The bigger challenge is that most people are not receiving the guidance and advice they need to make an informed decision about how to access their pensions. Guidance is too generic while regulated advice is too expensive. Some form of personalised guidance or low-cost focused advice is needed.

Without this, many people are confused and are losing out financially through a combination of unnecessary fees, taxes, and lost investment returns relative to better solutions that exist, but which they don’t understand. This is a shame as the vast majority of poll respondents (91 per cent) at a recent Society of Pensions Professionals event, attended by defined contribution (DC) consultants, actuarial consultants, and pensions lawyers, felt members could make better decisions if they were better supported.

Engagement and digital technology

Getting members to engage with their pension has been one of the major DC challenges to date and up to now efforts have been unsuccessful. However, while support at and after retirement is lacking, engagement during the accumulation phase is an area of real progress.

There is an ‘arms race’ between providers generating a plethora of benefits, including real-time video statements and access to wider wellbeing packages. Increasingly this engagement is built around advances in mobile DC pensions technology with nearly three-quarters of attendees at our recent event believing the focus on mobile technology will materially increase member engagement.

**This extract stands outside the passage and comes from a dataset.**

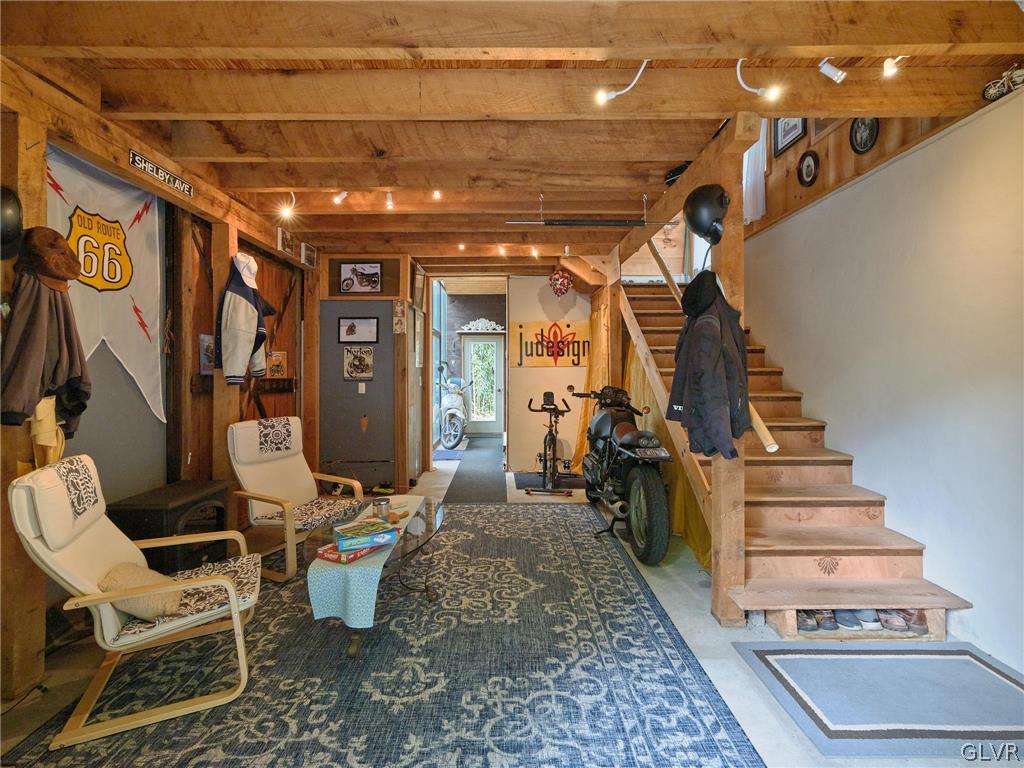 180 Sunnyside Road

A key area where we are seeing this is ESG, where the likes of Tumelo provide digital solutions that allow trustees and providers to take members’ views and preferences into consideration. Supporting this development, over three-quarters of attendees at our recent seminar believed it was appropriate to take members’ non-financial preferences into consideration when constructing DC investment strategies. That said, if they are not financially material it is likely that such views and preferences will be catered for via the self-select fund options.

Adequacy and coverage

And when it comes to coverage, auto-enrolment has been a huge success - increasing the number of active pension savers by 10 million. However, recent studies suggest areas of concern remain.

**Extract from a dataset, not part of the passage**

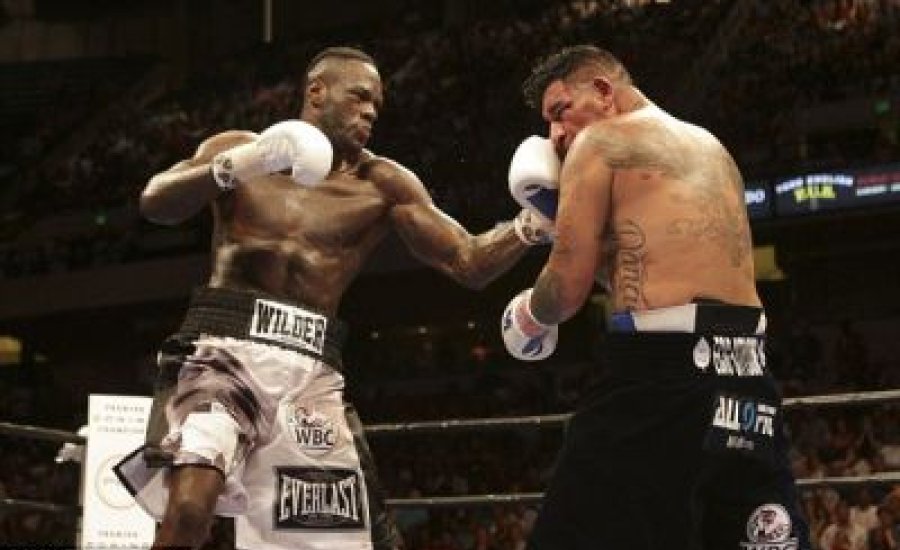 Wilder sérülten is legyőzte Arreolát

The ONS recently reported that workplace pension participation has plateaued around 77 per cent. Perhaps unsurprisingly, given that auto-enrolment is now fully implemented. In addition, recent modelling by LCP shows retirement incomes for private sector employees declining over the next 25 years as the fall in DB pensions is not fully offset by the increase in DC provision.

The ONS data and LCP modelling shows the need to start the discussion on implementing the recommendations from the 2017 auto-enrolment review. This would bring more employees into the auto-enrolment safety net.

But we must also go further. We believe businesses and savers would support increasing auto-enrolment contributions to 12 per cent contributions (split evenly between employer and employee). Such increases need to be finalised no later than 2030. But more urgently, decisions need to be taken to support this move now.